The time to start testing the employment and operation of unmanned systems in experimental projects is now, so that lessons can be learned and the procurement of the indicated numbers can be initiated with minimised risk.
1) Mass Matters
In a possible war of attrition in the context of national and collective defence, mass also means resilience. This leads to the following requirements:
A factor of 3 needs to be consistently applied to the required number of naval means of warfare (1/3 of vessels in maintenance, 1/3 at full combat readiness, 1/3 at graduated levels of combat readiness).
A standardisation of naval means of warfare facilitates both the provisioning of spare parts and training. Means of warfare must be designed for ease of use.
2) Orientation Towards the Future
The Navy’s structure must:
be sufficiently flexible to adapt it to the demographic development minimise risks for its personnel on deployments,
enable the testing of new unmanned capabilities in short time frames with a small number of commercially available prototypes (experimentation).
3) Multi-Domain Operations
The Navy contributes to combined arms operations through:
system approaches that are networked, swarm-capable and, wherever possible, unmanned
the development of maritime strike capabilities.

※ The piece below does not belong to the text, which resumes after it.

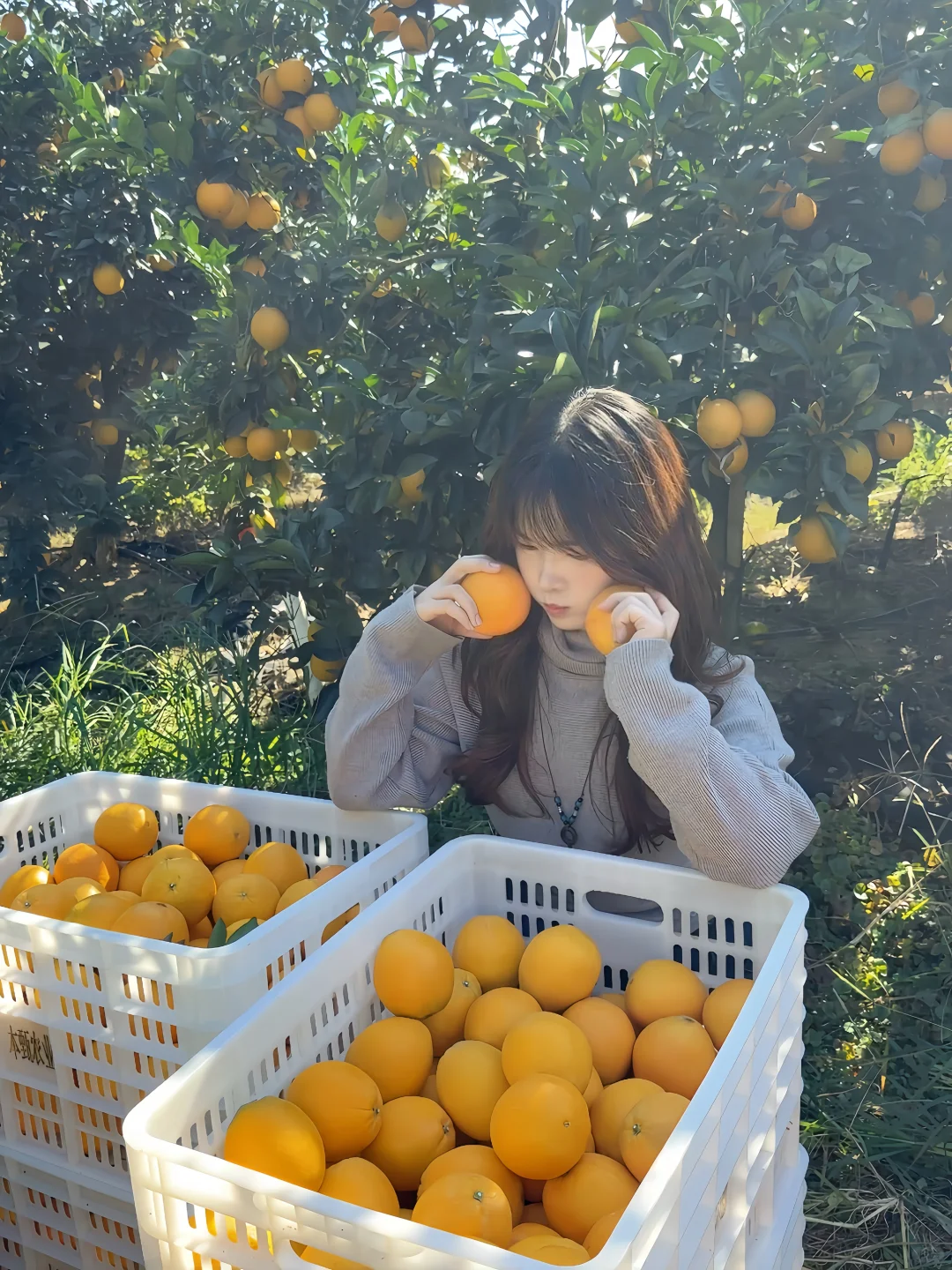 赣州这里！好多人好热闹~脐橙节?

Resilience means the capability to remain operational after having sustained losses. This requires:
the protection of a small number of bases for resupply and maintenance
an alternative hardened operational command and control centre as well as mobile tactical command and control at sea.
Other navies’ projects
Navies around the world are paying more and more attention to autonomous systems, with the USUnited States Navy and Royal Navy leading the way. But other European partners, such as France, are also participating in the trend. The latter are focusing in particular on unmanned mine countermeasures in the future.